12/01/11

Erfolgreicher Streik bei kolumbianischer Glencore-Tochter Prodeco

01.12.2011 | von Stephan Suhner

Bei Prodeco, einer hundertprozentigen Tochterfirma von Glencore, haben die Arbeiter am 17. November 2011 einen Streik begonnen. 1200 Arbeiter in der Mine Calenturitas in La Jagua und im Hafen in Santa Marta haben ihre Arbeit niedergelegt, weil in direkten Verhandlungen mit dem Unternehmen keine Einigung gefunden werden konnte. Die Gewerkschaft Sintracarbón hatte Anfang Oktober einen Forderungskatalog eingereicht, um erstmals in der Mine Calenturitas einen Gesamtarbeitsvertrag abschliessen zu können. Die Firmenleitung forderte die Arbeiter und die Gewerkschaft aber auf, sich dem Kollektivpakt anzuschliessen, und auf einen Gesamtarbeitsvertrag zu verzichten. Eines der ungelösten Probleme sind die Zeit- und Leiharbeiter.
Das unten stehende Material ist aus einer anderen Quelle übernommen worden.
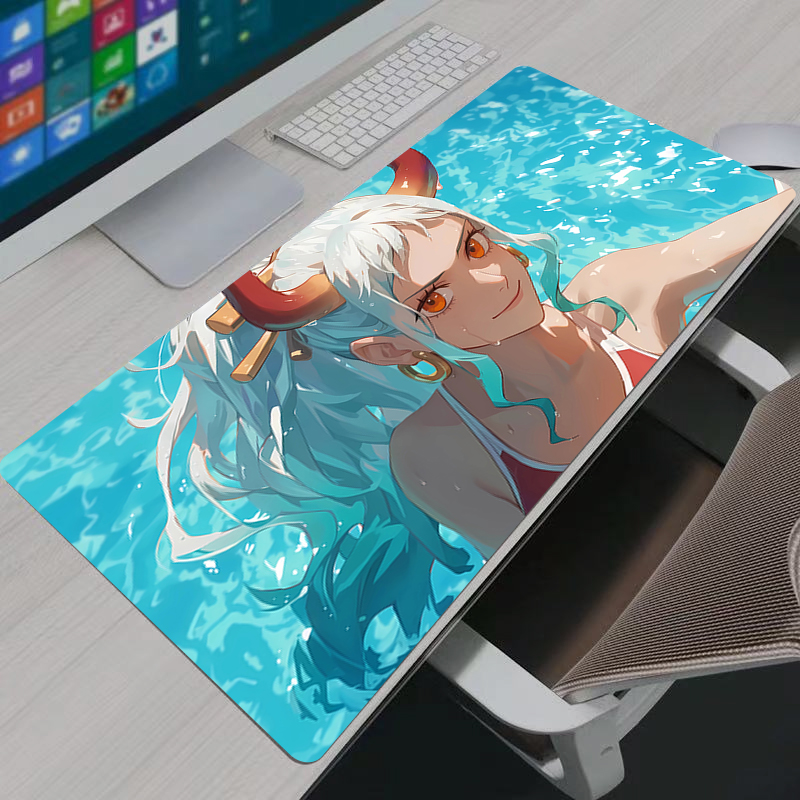 One Piece Yamato Mouse Pad Not - Gaming Keyboard Affordable บทวิจารณ์และราคา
Seit Jahren versuchte Sintramienergetica, die Arbeiter bei Prodeco zu organisieren und bessere Arbeitsbedingungen auszuhandeln. Während es im Hafen von Prodeco eine relativ starke Sektion von Sintramienergetica gab, unternahm die Glencore-Tochter alles, um die gewerkschaftliche Organisation in der Mine zu verhindern. Zudem verzögert Prodeco seit mehreren Jahren die Lösung eines Arbeitskonfliktes im Hafen, respektive weigert sich, ein Schiedsgerichtsurteil umzusetzen. Verschiedene Arbeiter baten Sintracarbón, ihnen beim Aufbau einer Gewerkschaftssektion in der Mine zu helfen. Sintracarbón, die die Arbeiter bei Cerrejón organisiert hat, begann im Frühsommer die Arbeiter bei Prodeco zu organisieren, und konnte nun mit diesem Arbeitskampf einen ersten Erfolg verbuchen.

Am 21. September 2011 hat die Gewerkschaft Sintracarbón dem Unternehmen Prodeco in La Jagua einen Forderungskatalog überreicht, und am 3. Oktober begannen die Parteien mit den gesetzlich vorgeschriebenen Verhandlungen. Nachdem die 20-tägige Verhandlungsfrist am 22. Oktober jedoch beendet war, brach das Unternehmen einseitig den Dialog ab und erklärte, es werde eine Sammlung von früheren Regeln als Kollektivpakt mit fünf Jahren Gültigkeit anwenden.[1]Dieses einseitige Dokument enthält Normen und Vorschriften, die gemäss der Gewerkschaft unter den gesetzlichen Mindestanforderungen liegen. Die internationale Chemie- und Metallarbeitergewerkschaft ICEM warf Glencore mangelnde Gesprächs- und Verhandlungsbereitschaft vor, v.a. auch da sie sich weigerte, die Verhandlungsfrist zu verlängern. Die hochrentable Mine wende nur skandalös tiefe 4,91% des Gewinnes für die Entlöhnung der Arbeiter auf.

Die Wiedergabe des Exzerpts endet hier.